About this task → From the listing below, reproduce exactly the lines starting with the one with "Top 5 rote Chrysanthemen" and going on through the one with "国羽男队失冠与国乒男队争冠失利，亚运会面临挑战", both ends kept. No picture is copied.

Records for processing →

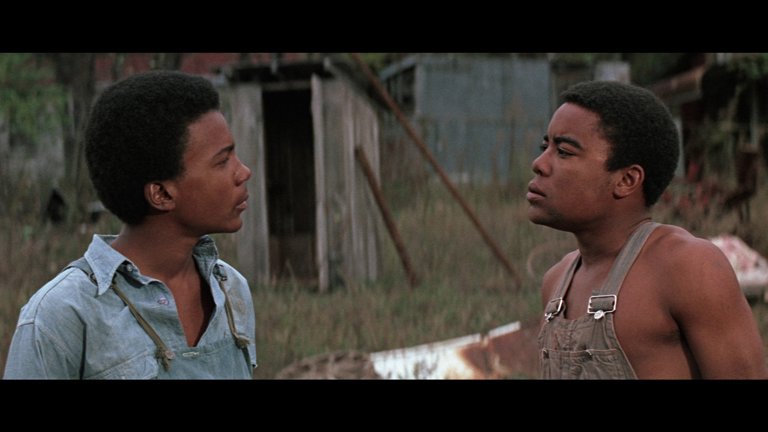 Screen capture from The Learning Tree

---

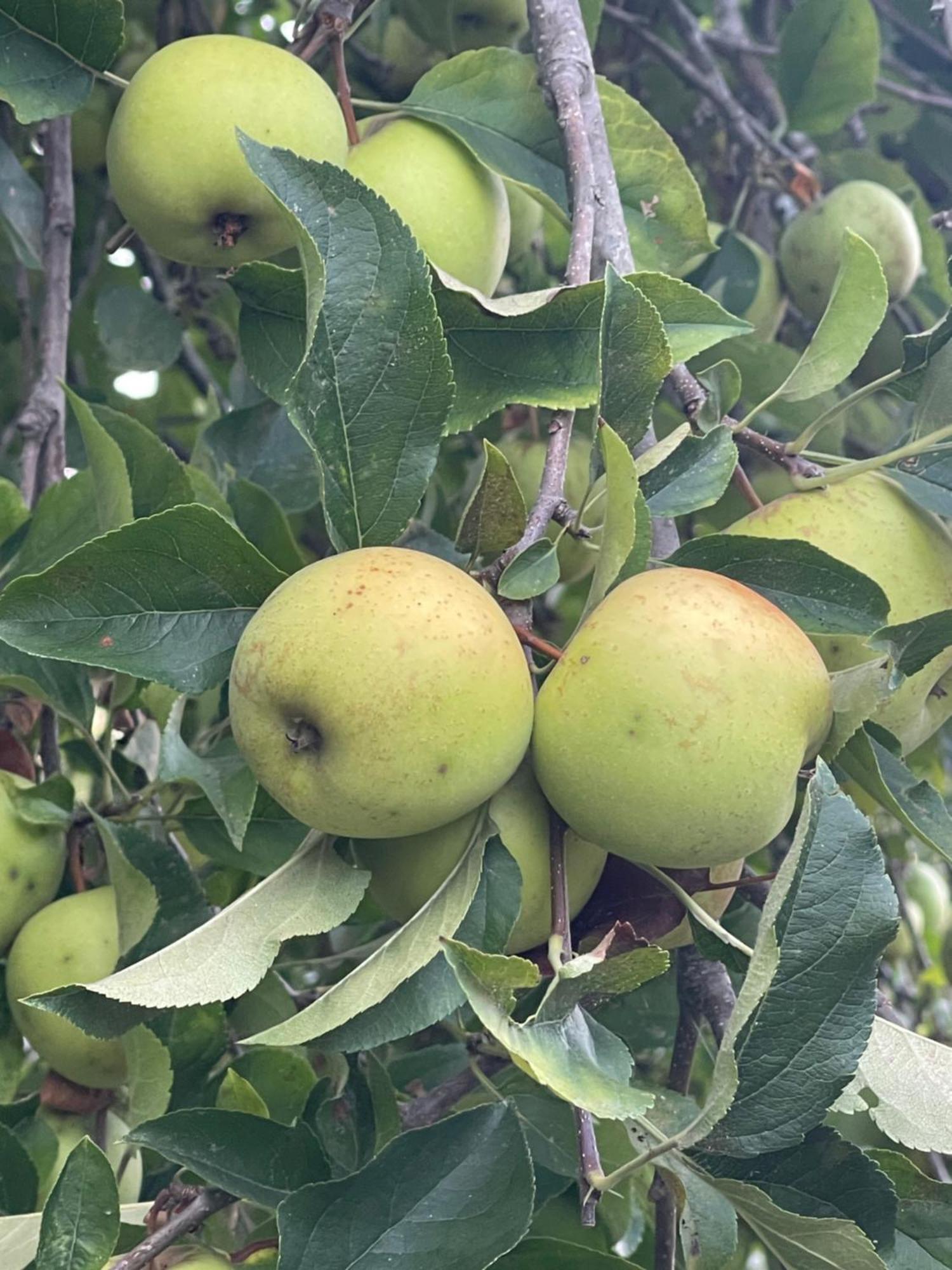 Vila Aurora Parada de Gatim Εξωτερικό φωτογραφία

---

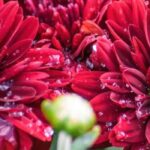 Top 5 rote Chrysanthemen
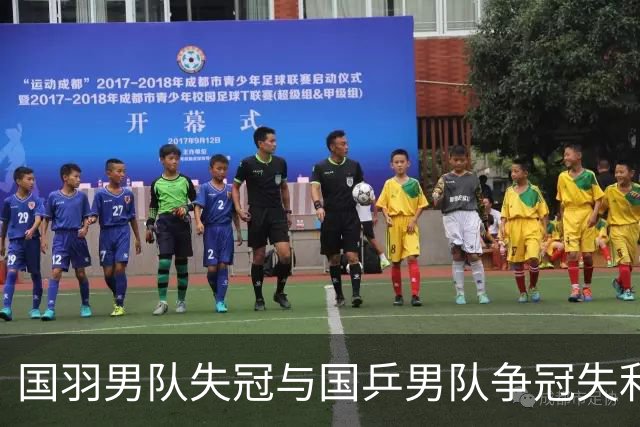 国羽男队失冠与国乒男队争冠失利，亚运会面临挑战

Answer space →
 Top 5 rote Chrysanthemen
 国羽男队失冠与国乒男队争冠失利，亚运会面临挑战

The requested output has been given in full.